--- WHAT IS BEING ASKED ---
An unchanged copy of all the lines below is expected, and it should contain no pictures.

--- DATA SHOWN ---
Content starts
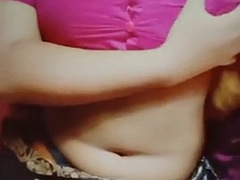 Hot and sexy teen girl from the village is showing off her beautiful boobs, body and pussy wearing a new saree, blouse and bra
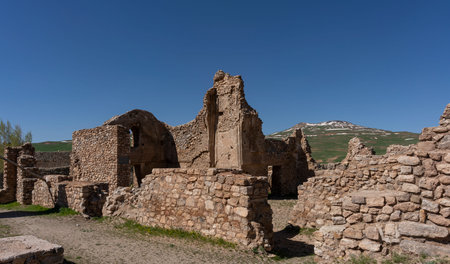 Historical Takht-e Soleyman with hills and snowy mountains in Iran.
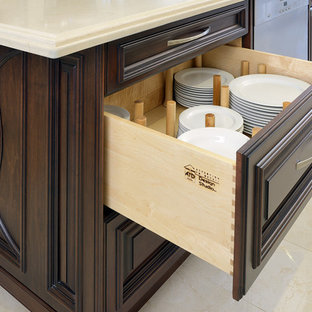 This is an example of a mid-sized traditional single-wall eat-in kitchen in Toronto with an undermount sink, raised-panel cabinets, quartz benchtops, beige splashback, panelled appliances, porcelain floors and with island.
Content ends
--- WRITTEN REPLY ---
 Hot and sexy teen girl from the village is showing off her beautiful boobs, body and pussy wearing a new saree, blouse and bra
 Historical Takht-e Soleyman with hills and snowy mountains in Iran.
 This is an example of a mid-sized traditional single-wall eat-in kitchen in Toronto with an undermount sink, raised-panel cabinets, quartz benchtops, beige splashback, panelled appliances, porcelain floors and with island.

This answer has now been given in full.